Canal+ contre Al Jazeera: La guerre des télés a commencé

Après avoir conquis le ciel arabe et moyen-oriental et successive ment lancé un canal anglophone et des déclinaisons à l’usage de la Turquie et des Balkans, Al Jazeera compte, à partir de ce 1er juin, forcer le marché select de la télévision payante en France, jusque-là sous l’emprise quasi monopoliste de la filiale de Vivendi, Canal+.

Le prochain lancement de la chaîne beIN Sport 1, suivie en août par beIN Sport 2, n’a pas laissé indifférents les actionnaires de la première chaîne cryptée française, qui a accusé le groupe qatari de débaucher abusivement des journalistes de son groupe avant le lancement.

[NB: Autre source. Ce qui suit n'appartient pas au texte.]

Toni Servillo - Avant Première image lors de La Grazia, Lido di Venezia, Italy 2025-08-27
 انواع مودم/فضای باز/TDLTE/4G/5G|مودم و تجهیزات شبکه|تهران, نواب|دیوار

Canal+ s’estime victime d’un «débauchage abusif» de ses salariés. Passant à l’action, et selon «Libération », des huissiers ont débarqué dans les locaux français d’Al Jazeera pour perquisitionner. Information confirmée par Charles Bietry, le patron d’Al Jazeera Sport et ancien responsable des sports à Canal+. Répondant aux accusations de son ancien employeur, il dira que sur 2.000 salariés que compte Canal+, il en a recruté 8 en tout, dont 2 «vedettes».

Canal+, qui affirme que 22 de ses employés ont été débauchés, alors que plusieurs dizaines d’autres ont été approchés, attend les constats d’huissiers pour étudier la possibilité de déposer plainte contre Al Jazeera. Ce n’est pas le premier «incident» entre les deux chaînes puisque, selon des observateurs avertis du PAF, Canal+ serait, très probablement, le principal perdant avec l’arrivée des chaînes du groupe qatari.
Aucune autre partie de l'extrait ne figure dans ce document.